Мотя выглядел очень уставшим, было видно, что каждое новое слово дается ему с большим трудом, тем не менее он спросил:
– Что остановился? Вспомнил что-то?
– Нет, ерунда всякая в голову приходит.
– Зря ты так, именно твоя «ерунда» и может быть истиной!
– Прекрати! – повысил голос Сапожников, не желающий верить в разыгранную по нотам встречу с Софи. – Этого не может быть!
– Не знаю, о чем ты говоришь, но может, еще как может, – произнес Мотя с интонацией, полной сострадания.
Разговор закончился. Одноклассники сидели и молчали. Минут через пять, показавшихся вечностью, Сапожников сказал:
– Не знаю, сможешь ли ты мне поверить, но я действительно люблю твою дочь…
– Я тебе уже говорил, что это единственное, во что я могу поверить.
– И на том спасибо.
Сапожников поднялся, собираясь закончить беседу и выйти из кабинета.
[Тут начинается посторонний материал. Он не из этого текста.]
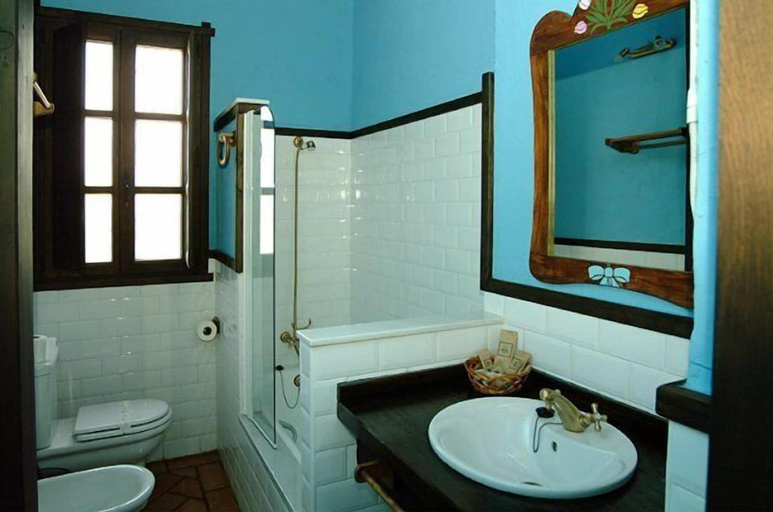 Bathroom 3, Hotel Playa de las Llanas, Asturias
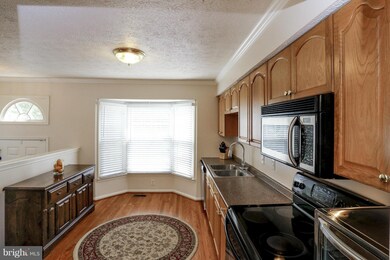 13428 Elevation Ln, Herndon, VA 20171 - photo 4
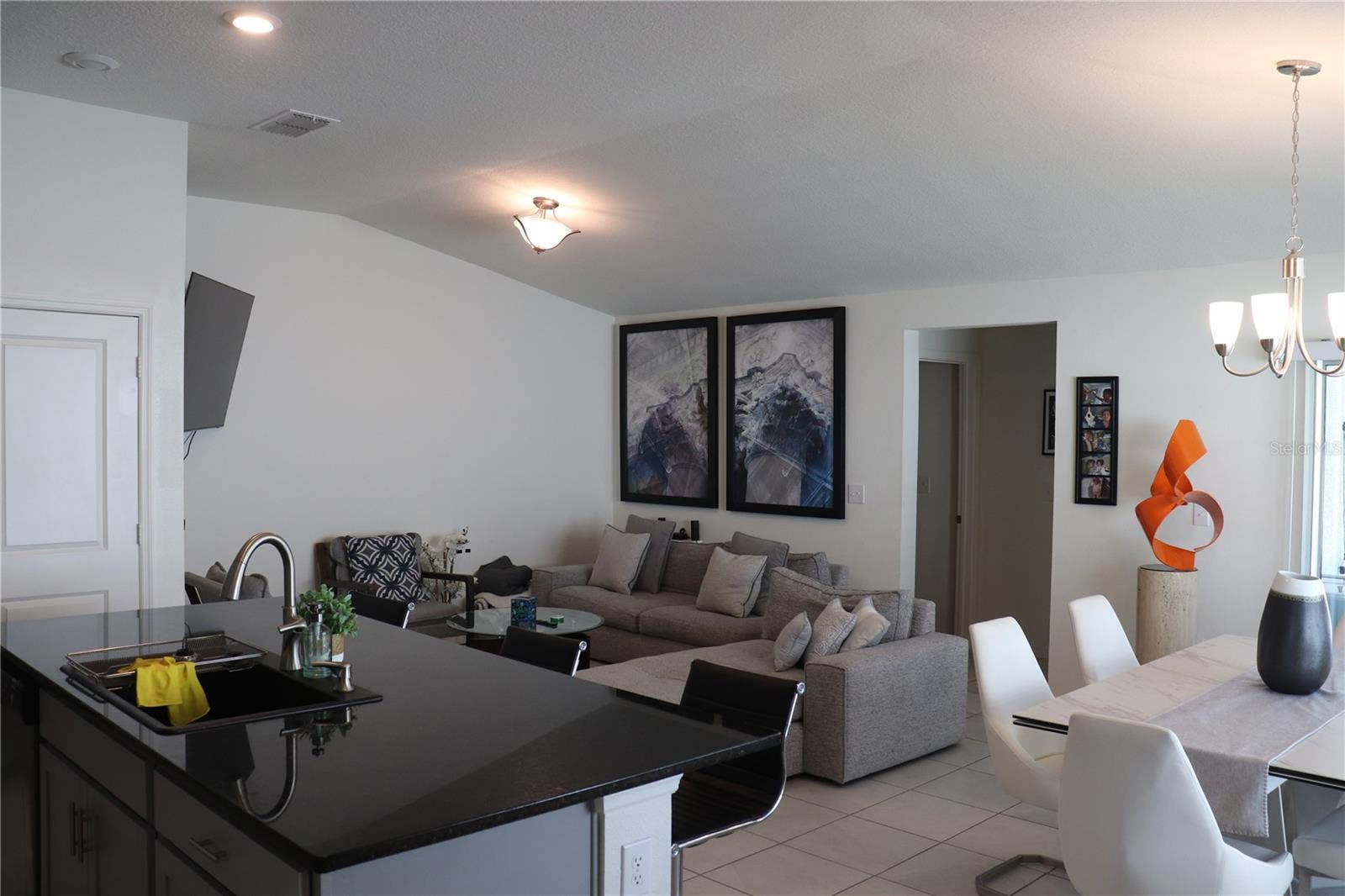 1188 PAPAYA CIRCLE, Davenport, FL 33897 1188 PAPAYA CIRCLE, Davenport, FL 33897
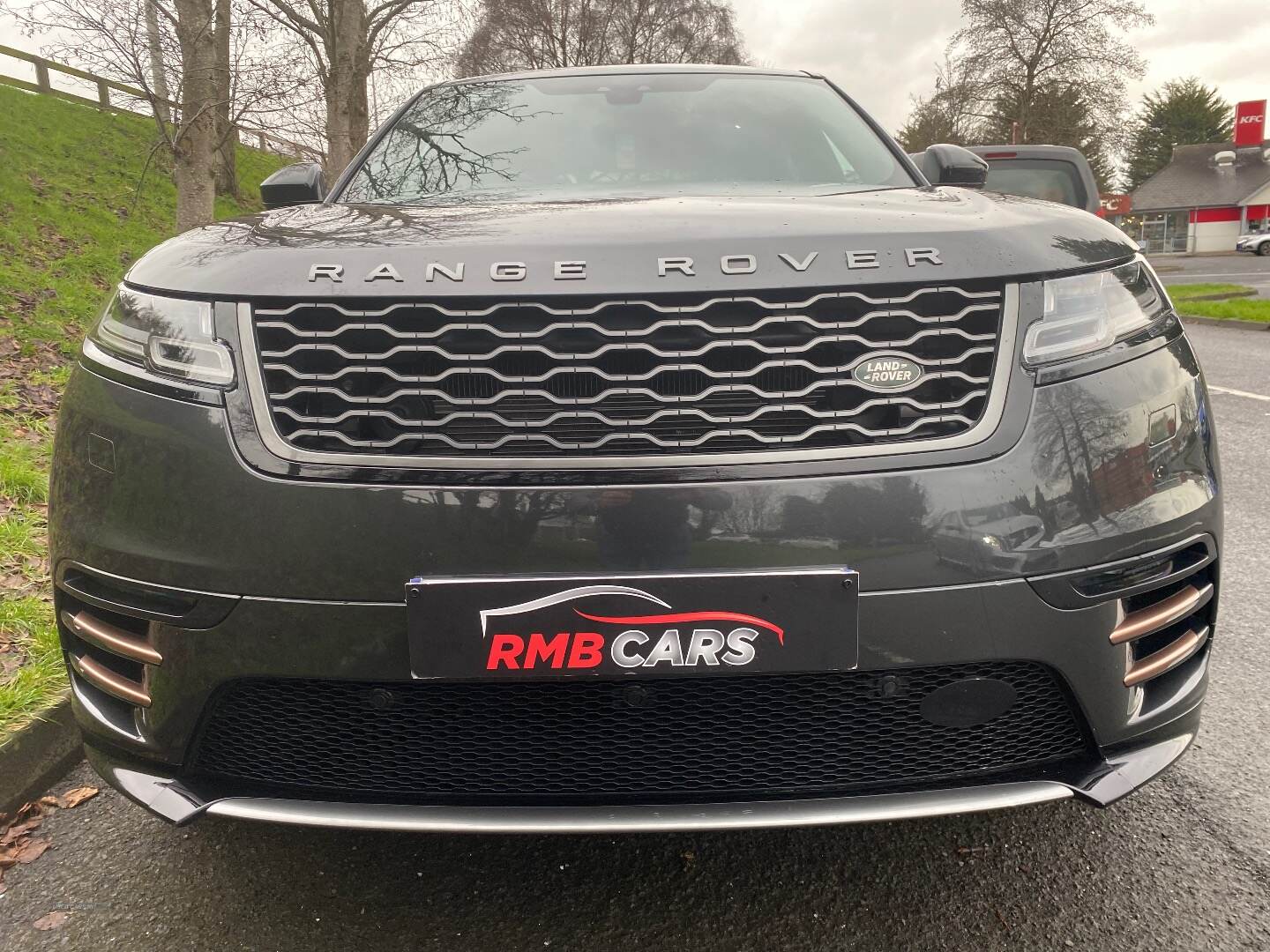 Land Rover Range Rover Velar DIESEL ESTATE in Down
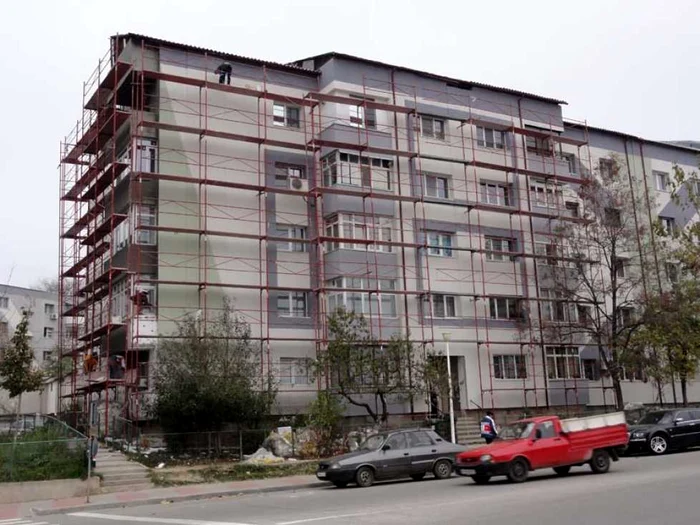 Termoizolarea blocurilor din Slatina a început în 2007 şi continuă şi în prezent  (FOTO: Mugurel Manea)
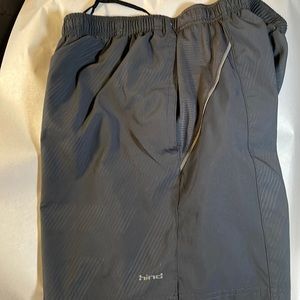 Hind short size M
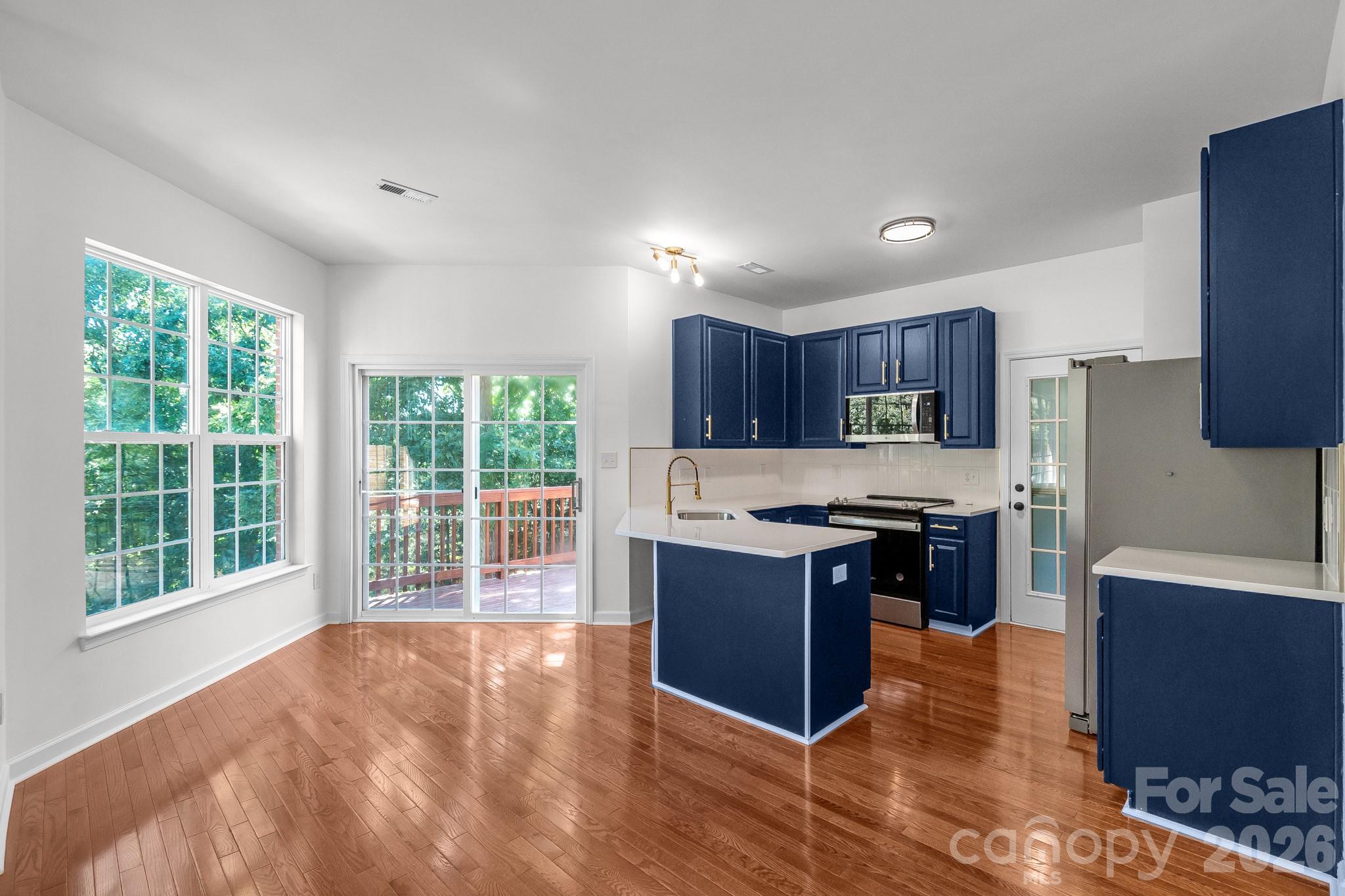 4227 Kiser Woods Drive Property Photo 17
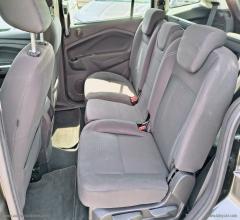 Auto - Ford c-max7 1.5 tdci 120 cv s&s business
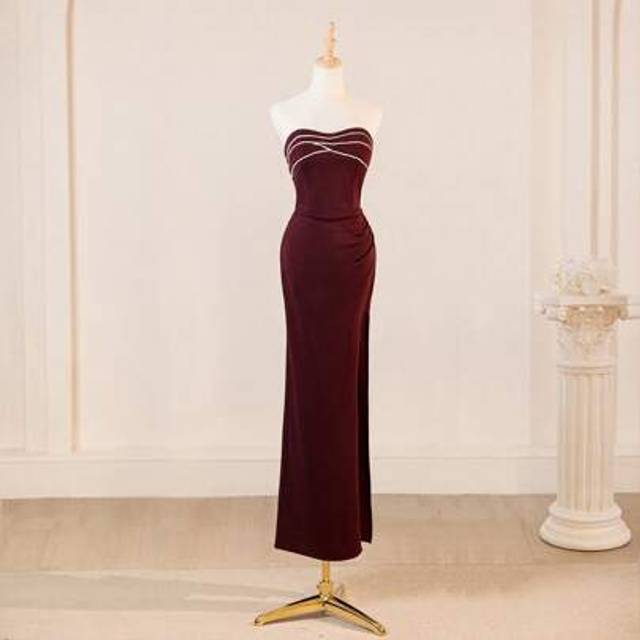 SHEIN New Arrival Elegant Off Shoulder Sleeveless Sequin Patchwork Tie-Up Slim Mermaid Slit Bridesmaid Dress For Cocktail Party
– Подожди! – вдруг закричал впервые потерявший самообладание Липсиц и тут же взял себя в руки: – Извини. – Он, настоящий интеллигент, даже в такой критической ситуации не мог опуститься до банальной грубости: – Извини, присядь. Я все-таки хочу с тобой закончить этот разговор.
Сапожников с большой неохотой присел на то же место, предчувствуя, что именно сейчас предстоит пережить непростые минуты.
– Понимаешь, Миша, охота за мной идет очень давно. У меня вскрывали машину, залезали в дом – до тех пор, пока власти не установили круглосуточное наблюдение и охрану дома, а вот от присутствия личной охраны в доме я отказался. Не хочу ощущать себя под домашним арестом. Поэтому двадцать четыре часа в сутки рядом с домом стоит автомобиль с двумя федеральными агентами в нем. Видишь, насколько ценен для самой великой страны в мире твой бывший одноклассник.